*What the exercise asks*
Your task is to reproduce the listing exactly, without its images.
====== Data extract ======
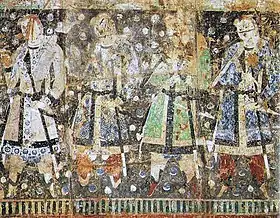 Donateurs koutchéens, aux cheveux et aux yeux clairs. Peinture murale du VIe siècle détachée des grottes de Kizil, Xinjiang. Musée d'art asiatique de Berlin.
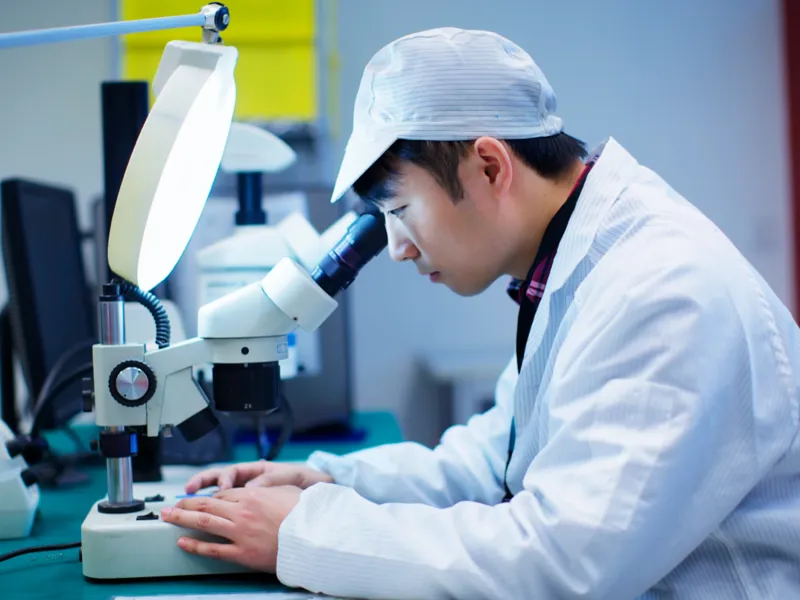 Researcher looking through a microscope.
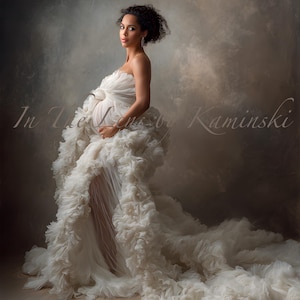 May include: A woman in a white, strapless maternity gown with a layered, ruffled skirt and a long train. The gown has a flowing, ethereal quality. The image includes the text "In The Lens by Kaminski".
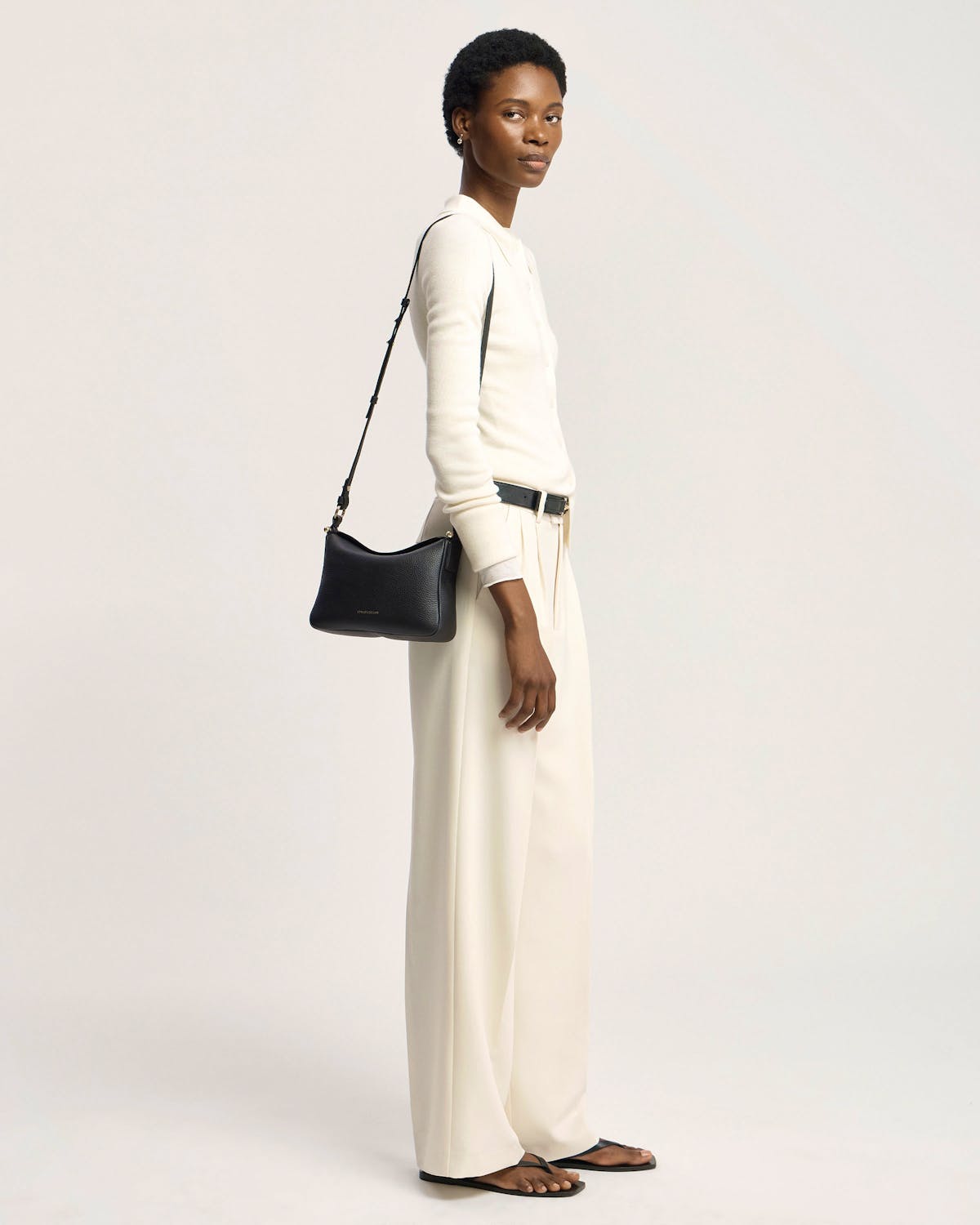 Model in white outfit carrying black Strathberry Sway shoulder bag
======
*Solved problem*
 Donateurs koutchéens, aux cheveux et aux yeux clairs. Peinture murale du VIe siècle détachée des grottes de Kizil, Xinjiang. Musée d'art asiatique de Berlin.
 Researcher looking through a microscope.
 May include: A woman in a white, strapless maternity gown with a layered, ruffled skirt and a long train. The gown has a flowing, ethereal quality. The image includes the text "In The Lens by Kaminski".
 Model in white outfit carrying black Strathberry Sway shoulder bag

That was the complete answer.